Elephants communicate in various ways. Individuals greet one another by touching each other on the mouth, temporal glands, and genitals. This allows them to pick up chemical cues. Older elephants use trunk-slaps, kicks, and shoves to control younger ones. Touching is especially important for mother–calf communication. When moving, elephant mothers will touch their calves with their trunks or feet when side-by-side or with their tails if the calf is behind them. A calf will press against its mother's front legs to signal it wants to rest and will touch the mother's breast or leg when it wants to suckle.

Visual displays mostly occur in agonistic situations. Elephants will try to appear more threatening by raising their heads and spreading their ears. They may add to the display by shaking their heads and snapping their ears, as well as tossing around dust and vegetation. They are usually bluffing when performing these actions. Excited elephants also raise their heads and spread their ears but additionally may raise their trunks. Submissive elephants will lower their heads and trunks, as well as flatten their ears against their necks, while those that are ready to fight will bend their ears in a V shape.

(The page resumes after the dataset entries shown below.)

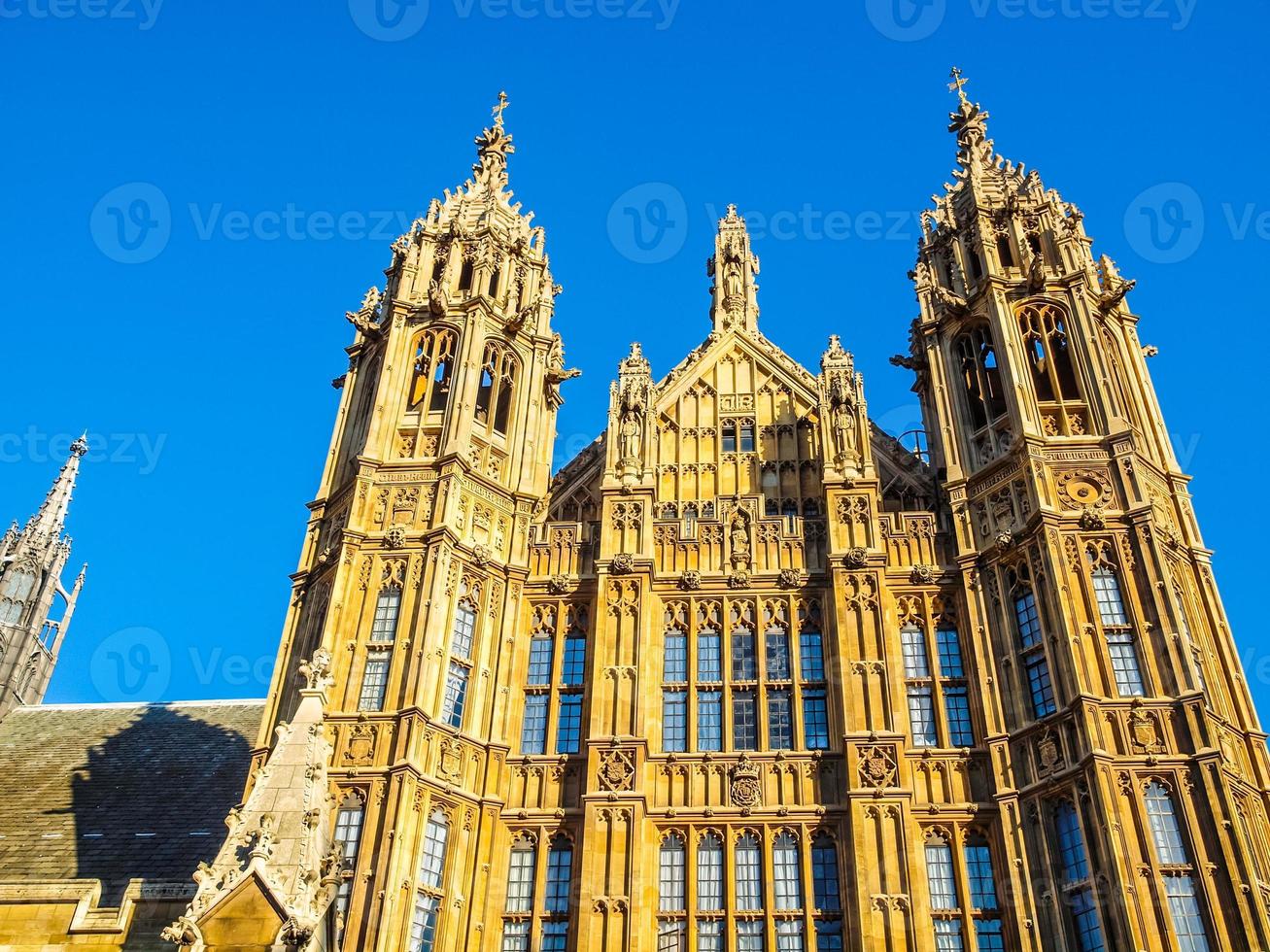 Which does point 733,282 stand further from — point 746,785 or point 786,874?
point 786,874

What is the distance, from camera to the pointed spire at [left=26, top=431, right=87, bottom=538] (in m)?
Result: 53.0

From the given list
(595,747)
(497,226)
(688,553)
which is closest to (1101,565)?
(688,553)

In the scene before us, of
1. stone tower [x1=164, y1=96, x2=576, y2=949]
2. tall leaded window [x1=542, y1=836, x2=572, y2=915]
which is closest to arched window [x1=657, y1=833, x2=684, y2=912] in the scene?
tall leaded window [x1=542, y1=836, x2=572, y2=915]

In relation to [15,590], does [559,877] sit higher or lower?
lower

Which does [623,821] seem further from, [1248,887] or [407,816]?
[1248,887]

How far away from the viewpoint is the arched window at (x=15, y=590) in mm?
50375

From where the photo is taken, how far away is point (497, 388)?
35031mm

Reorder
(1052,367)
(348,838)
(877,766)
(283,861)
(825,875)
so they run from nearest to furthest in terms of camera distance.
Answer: (283,861)
(348,838)
(825,875)
(877,766)
(1052,367)

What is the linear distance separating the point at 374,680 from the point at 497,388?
32.5 feet

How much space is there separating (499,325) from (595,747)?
13.5m

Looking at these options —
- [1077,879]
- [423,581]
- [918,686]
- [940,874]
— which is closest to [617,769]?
[423,581]

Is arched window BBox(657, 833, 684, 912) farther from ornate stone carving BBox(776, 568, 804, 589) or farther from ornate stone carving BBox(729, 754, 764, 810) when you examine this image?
ornate stone carving BBox(776, 568, 804, 589)

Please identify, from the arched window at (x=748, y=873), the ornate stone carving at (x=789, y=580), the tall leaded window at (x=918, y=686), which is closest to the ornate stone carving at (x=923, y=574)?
the tall leaded window at (x=918, y=686)

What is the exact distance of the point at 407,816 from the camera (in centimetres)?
2559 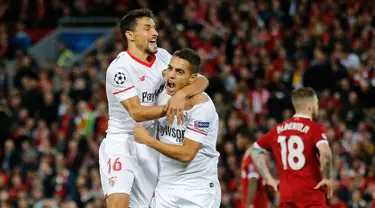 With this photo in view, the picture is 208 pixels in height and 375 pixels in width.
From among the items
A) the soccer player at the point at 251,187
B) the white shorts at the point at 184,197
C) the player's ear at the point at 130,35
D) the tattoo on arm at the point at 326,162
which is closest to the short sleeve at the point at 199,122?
the white shorts at the point at 184,197

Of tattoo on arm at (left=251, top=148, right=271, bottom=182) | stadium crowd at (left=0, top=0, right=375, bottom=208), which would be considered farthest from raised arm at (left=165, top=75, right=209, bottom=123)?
stadium crowd at (left=0, top=0, right=375, bottom=208)

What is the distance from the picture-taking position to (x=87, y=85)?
1812cm

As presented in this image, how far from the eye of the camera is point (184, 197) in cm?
766

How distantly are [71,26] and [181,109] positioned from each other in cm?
1537

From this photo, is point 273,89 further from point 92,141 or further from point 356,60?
point 92,141

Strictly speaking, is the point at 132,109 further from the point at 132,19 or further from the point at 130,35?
the point at 132,19

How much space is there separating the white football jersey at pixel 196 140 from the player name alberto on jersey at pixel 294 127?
5.18 ft

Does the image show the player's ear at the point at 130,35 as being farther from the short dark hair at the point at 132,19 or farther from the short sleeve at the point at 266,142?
the short sleeve at the point at 266,142

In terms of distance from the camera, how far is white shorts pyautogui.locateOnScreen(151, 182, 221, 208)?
7.68 metres

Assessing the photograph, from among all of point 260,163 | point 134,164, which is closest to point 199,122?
point 134,164

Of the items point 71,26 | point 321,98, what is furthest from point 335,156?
point 71,26

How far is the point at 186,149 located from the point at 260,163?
7.38 ft

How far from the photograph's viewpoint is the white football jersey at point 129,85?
25.9 ft

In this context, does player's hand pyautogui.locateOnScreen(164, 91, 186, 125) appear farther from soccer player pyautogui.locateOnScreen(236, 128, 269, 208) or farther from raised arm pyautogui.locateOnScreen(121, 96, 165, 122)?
soccer player pyautogui.locateOnScreen(236, 128, 269, 208) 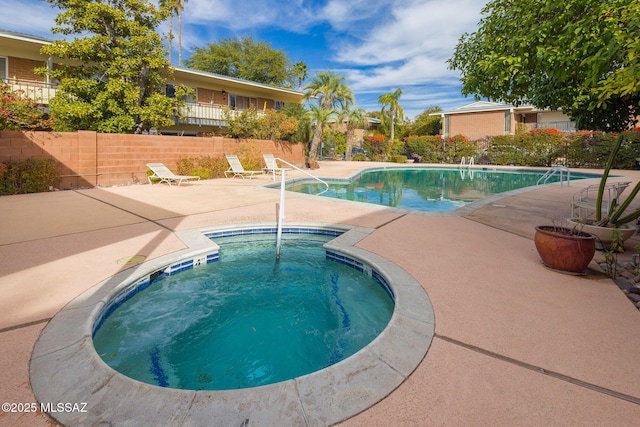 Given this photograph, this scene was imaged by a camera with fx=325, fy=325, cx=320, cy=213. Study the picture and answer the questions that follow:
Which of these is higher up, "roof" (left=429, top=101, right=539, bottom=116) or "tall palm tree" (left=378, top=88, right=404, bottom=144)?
"tall palm tree" (left=378, top=88, right=404, bottom=144)

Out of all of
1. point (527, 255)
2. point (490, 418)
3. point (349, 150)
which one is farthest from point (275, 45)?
point (490, 418)

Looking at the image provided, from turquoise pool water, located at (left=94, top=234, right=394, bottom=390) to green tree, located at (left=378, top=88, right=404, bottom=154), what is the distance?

Elephants produce several vocalisations—some of which pass through the trunk—for both short and long range communication. This includes trumpeting, bellowing, roaring, growling, barking, snorting, and rumbling. Elephants can produce infrasonic rumbles. For Asian elephants, these calls have a frequency of 14–24 Hz, with sound pressure levels of 85–90 dB and last 10–15 seconds. For African elephants, calls range from 15 to 35 Hz with sound pressure levels as high as 117 dB, allowing communication for many kilometres, possibly over 10 km. Elephants are known to communicate with seismics, vibrations produced by impacts on the earth's surface or acoustical waves that travel through it. An individual foot stomping or mock charging can create seismic signals that can be heard at travel distances of up to 32 km. Seismic waveforms produced by rumbles travel 16 km.

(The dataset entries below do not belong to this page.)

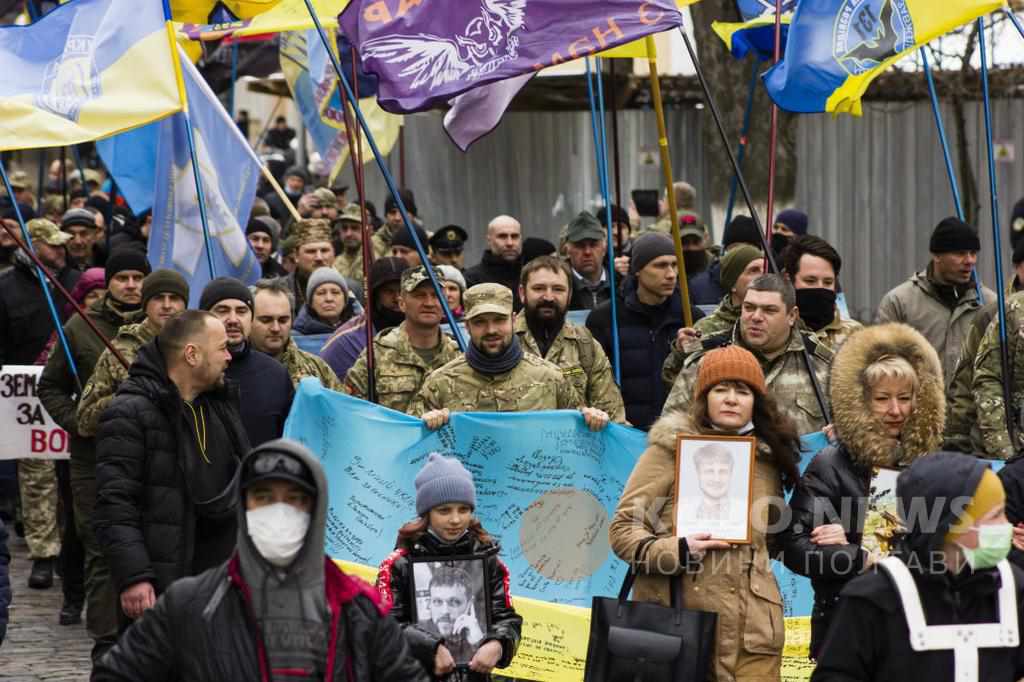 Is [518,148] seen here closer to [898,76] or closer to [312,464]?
[898,76]

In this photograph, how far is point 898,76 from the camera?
2130cm

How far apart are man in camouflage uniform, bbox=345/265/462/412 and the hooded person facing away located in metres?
4.32

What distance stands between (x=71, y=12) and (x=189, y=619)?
6.24 meters

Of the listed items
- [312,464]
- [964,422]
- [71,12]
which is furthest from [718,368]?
[71,12]

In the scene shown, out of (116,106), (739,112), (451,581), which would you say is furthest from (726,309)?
(739,112)

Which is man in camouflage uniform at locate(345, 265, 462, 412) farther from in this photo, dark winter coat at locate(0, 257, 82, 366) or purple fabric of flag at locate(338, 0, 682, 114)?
dark winter coat at locate(0, 257, 82, 366)

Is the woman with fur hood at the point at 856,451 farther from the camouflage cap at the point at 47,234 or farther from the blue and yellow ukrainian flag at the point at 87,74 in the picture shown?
the camouflage cap at the point at 47,234

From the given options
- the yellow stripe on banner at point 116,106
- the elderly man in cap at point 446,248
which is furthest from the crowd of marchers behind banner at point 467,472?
the elderly man in cap at point 446,248

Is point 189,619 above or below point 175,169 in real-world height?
below

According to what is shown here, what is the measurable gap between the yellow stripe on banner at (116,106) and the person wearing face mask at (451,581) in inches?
139

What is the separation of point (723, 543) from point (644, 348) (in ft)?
11.3

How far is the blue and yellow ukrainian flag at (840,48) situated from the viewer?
9359 millimetres

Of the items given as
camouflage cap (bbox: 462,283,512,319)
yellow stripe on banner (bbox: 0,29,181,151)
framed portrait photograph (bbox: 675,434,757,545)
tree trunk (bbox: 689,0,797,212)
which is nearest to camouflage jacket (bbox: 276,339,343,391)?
camouflage cap (bbox: 462,283,512,319)

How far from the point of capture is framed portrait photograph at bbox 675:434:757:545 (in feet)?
21.1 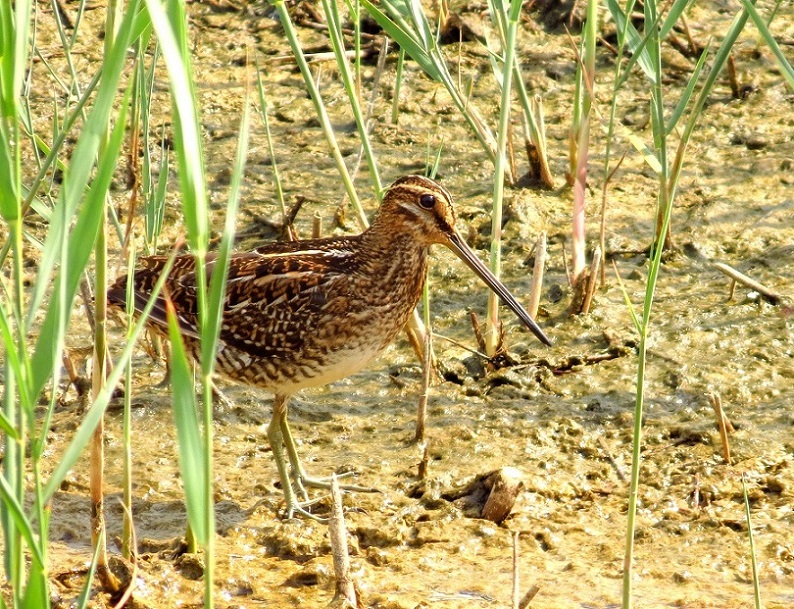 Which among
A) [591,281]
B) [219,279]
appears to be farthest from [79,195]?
[591,281]

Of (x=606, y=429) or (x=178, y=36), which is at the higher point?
(x=178, y=36)

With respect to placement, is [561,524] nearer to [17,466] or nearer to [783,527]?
[783,527]

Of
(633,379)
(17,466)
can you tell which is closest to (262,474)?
(633,379)

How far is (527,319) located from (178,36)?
9.32 feet

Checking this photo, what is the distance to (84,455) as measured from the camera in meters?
4.92

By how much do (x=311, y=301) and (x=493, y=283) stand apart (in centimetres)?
73

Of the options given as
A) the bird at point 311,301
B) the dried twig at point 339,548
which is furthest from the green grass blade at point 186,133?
the bird at point 311,301

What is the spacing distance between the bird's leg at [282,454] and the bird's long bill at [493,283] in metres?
0.90

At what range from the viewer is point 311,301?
4.70 metres

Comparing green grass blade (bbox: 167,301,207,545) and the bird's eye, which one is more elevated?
green grass blade (bbox: 167,301,207,545)

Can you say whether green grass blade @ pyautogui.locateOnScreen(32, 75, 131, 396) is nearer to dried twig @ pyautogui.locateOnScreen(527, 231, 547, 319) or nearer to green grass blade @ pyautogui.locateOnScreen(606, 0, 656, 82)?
green grass blade @ pyautogui.locateOnScreen(606, 0, 656, 82)

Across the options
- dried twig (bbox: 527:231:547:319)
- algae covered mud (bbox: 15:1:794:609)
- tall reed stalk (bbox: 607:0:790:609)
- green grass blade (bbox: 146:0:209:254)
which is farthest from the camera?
dried twig (bbox: 527:231:547:319)

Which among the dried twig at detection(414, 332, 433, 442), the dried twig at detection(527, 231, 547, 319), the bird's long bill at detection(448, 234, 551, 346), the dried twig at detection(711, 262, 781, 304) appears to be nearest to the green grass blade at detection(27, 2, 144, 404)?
the dried twig at detection(414, 332, 433, 442)

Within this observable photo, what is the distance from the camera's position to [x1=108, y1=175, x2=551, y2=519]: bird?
4.66 m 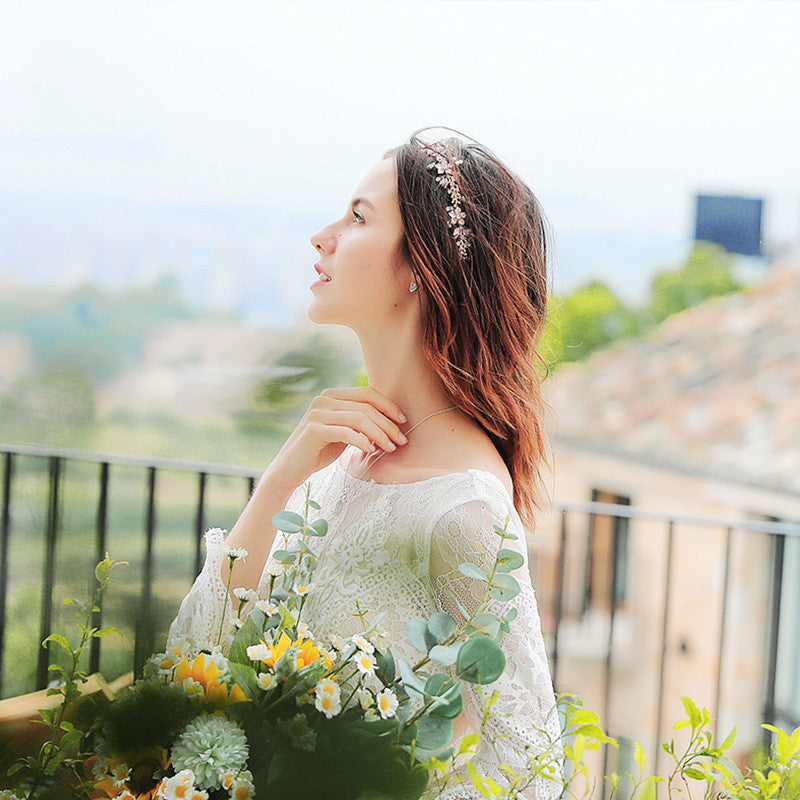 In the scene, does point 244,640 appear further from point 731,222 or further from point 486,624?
point 731,222

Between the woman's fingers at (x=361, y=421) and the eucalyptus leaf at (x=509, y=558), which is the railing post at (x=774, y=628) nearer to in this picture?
the woman's fingers at (x=361, y=421)

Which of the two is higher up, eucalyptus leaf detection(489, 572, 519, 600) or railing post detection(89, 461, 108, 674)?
railing post detection(89, 461, 108, 674)

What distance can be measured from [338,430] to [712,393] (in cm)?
821

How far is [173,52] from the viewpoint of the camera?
0.39 meters

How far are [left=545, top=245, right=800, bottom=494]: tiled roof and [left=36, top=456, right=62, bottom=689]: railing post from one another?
6923 mm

===Intelligence and cognition===

Elephant rolling a block to allow it to reach food

Elephants are among the most intelligent animals. They exhibit mirror self-recognition, an indication of self-awareness and cognition that has also been demonstrated in some apes and dolphins. One study of a captive female Asian elephant suggested the animal was capable of learning and distinguishing between several visual and some acoustic discrimination pairs. This individual was even able to score a high accuracy rating when re-tested with the same visual pairs a year later. Elephants are among the species known to use tools. An Asian elephant has been observed fine-tuning branches for use as flyswatters. Tool modification by these animals is not as advanced as that of chimpanzees. Elephants are popularly thought of as having an excellent memory. This could have a factual basis; they possibly have cognitive maps which give them long lasting memories of their environment on a wide scale. Individuals may be able to remember where their family members are located.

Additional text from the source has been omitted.